Return the data exactly, with all pictures removed.
[Opening SOURCE MATERIAL section]
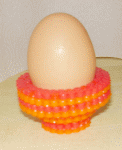 Eierbecher aus Bügelperlen basteln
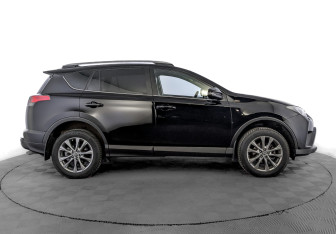 Подержанный автомобиль Toyota RAV4 2019 года (4 фото)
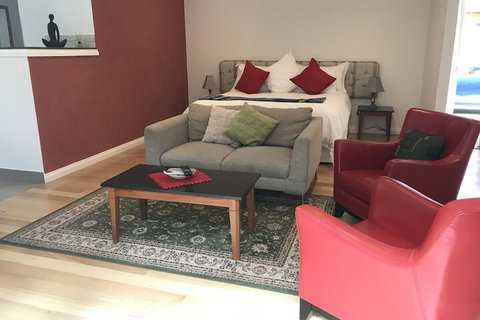 Balangara Cottages - Redcliffe Tourism 6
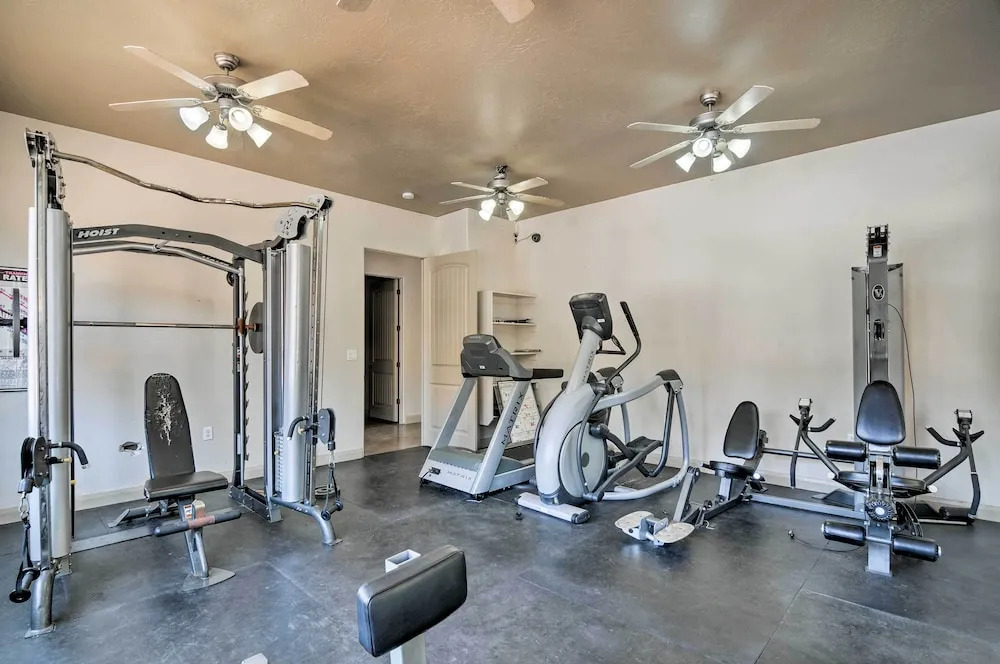Kanab Condo w/ Pool & AC < 1 Mi to Attractions!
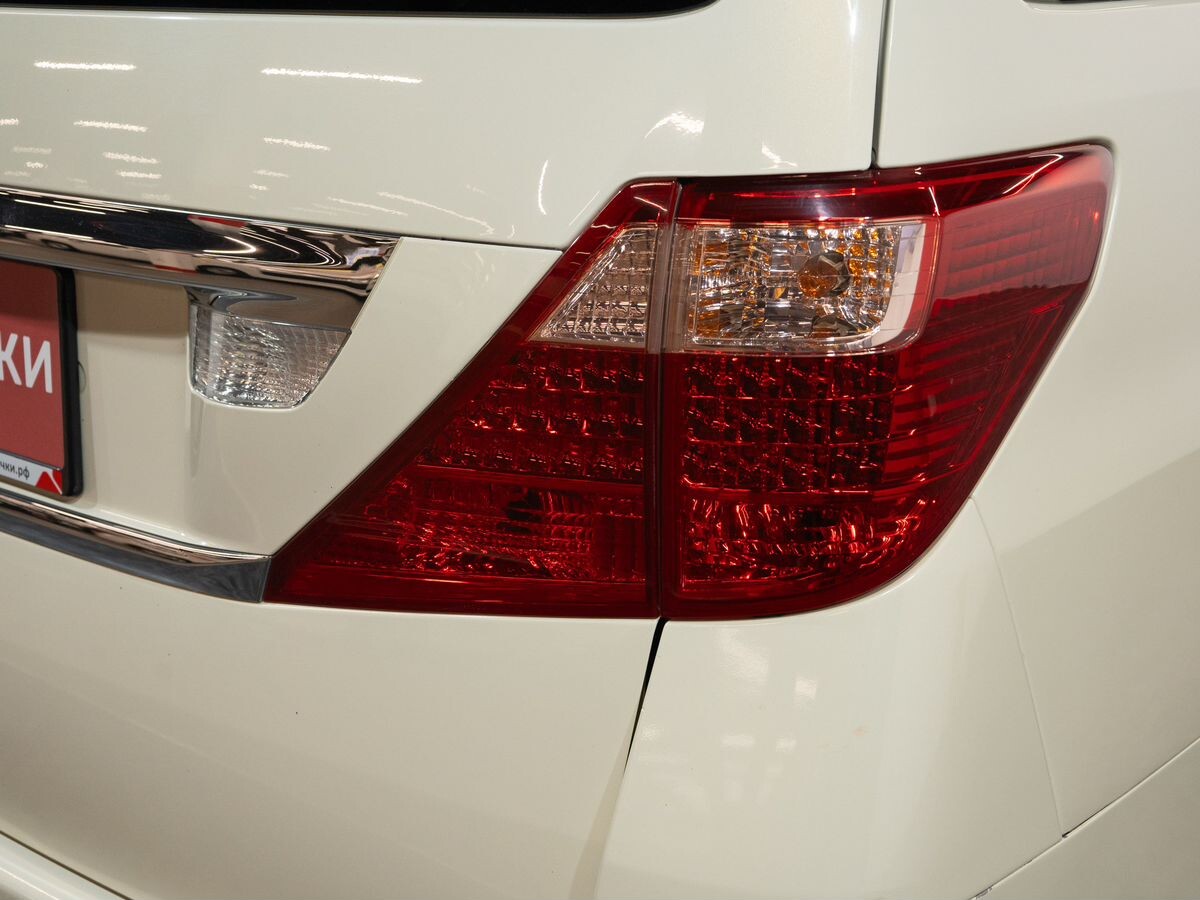 Toyota Alphard 2011 - фото автомобиля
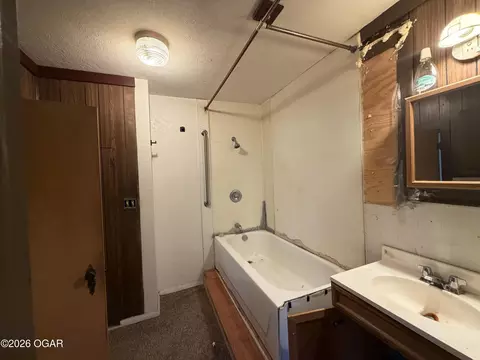 Bath - 822 E 6th Street Galena Ks 66739 St, Galena, KS 66739 photo 2 of 2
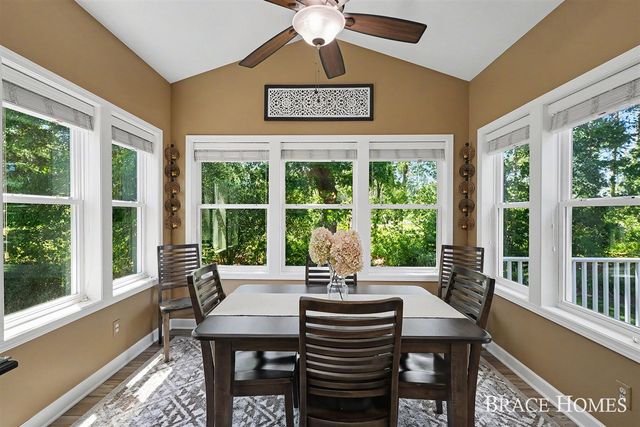 2902 Woodridge Circle, Grand Rapids, MI 49525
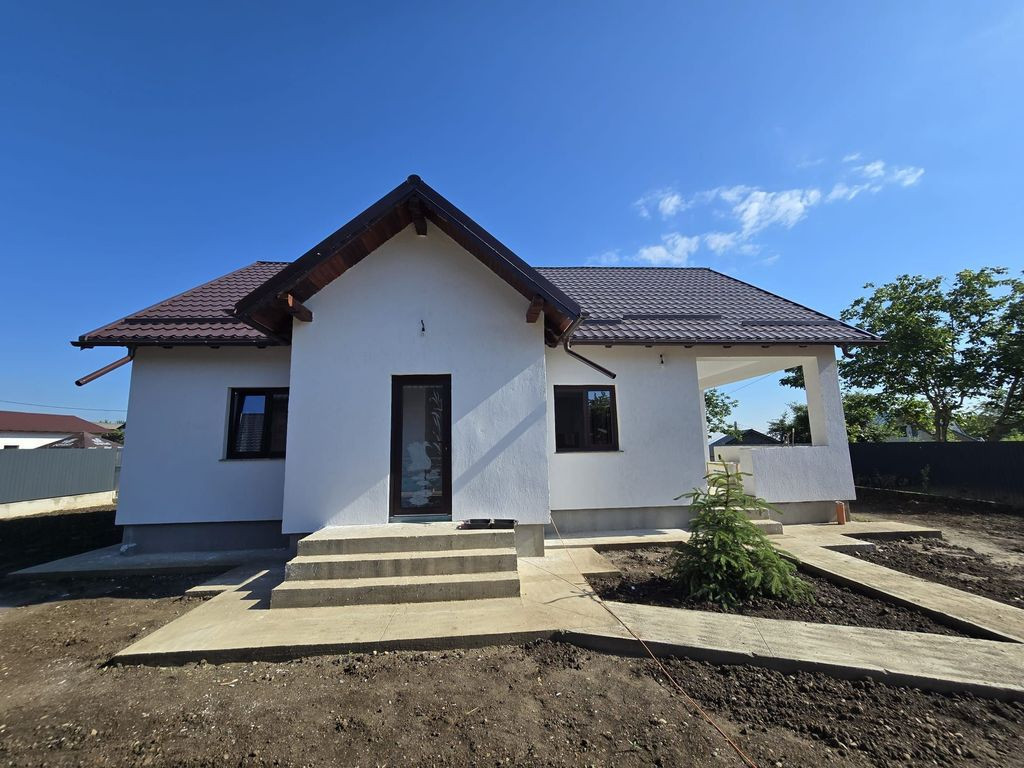 Casă Nouă Modernă de Vânzare –Sărata, Bacău,Confo...
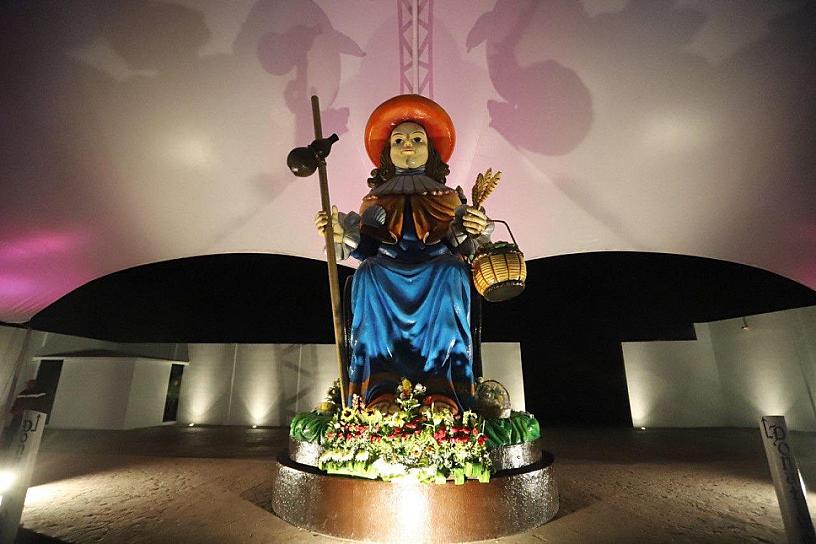 ILUMINAN AL SANTO NIÑO DE ATOCHA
[Closing SOURCE MATERIAL section]
**TASK RESPONSE:**
 Eierbecher aus Bügelperlen basteln
 Подержанный автомобиль Toyota RAV4 2019 года (4 фото)
 Balangara Cottages - Redcliffe Tourism 6
Kanab Condo w/ Pool & AC < 1 Mi to Attractions!
 Toyota Alphard 2011 - фото автомобиля
 Bath - 822 E 6th Street Galena Ks 66739 St, Galena, KS 66739 photo 2 of 2
 2902 Woodridge Circle, Grand Rapids, MI 49525
 Casă Nouă Modernă de Vânzare –Sărata, Bacău,Confo...
 ILUMINAN AL SANTO NIÑO DE ATOCHA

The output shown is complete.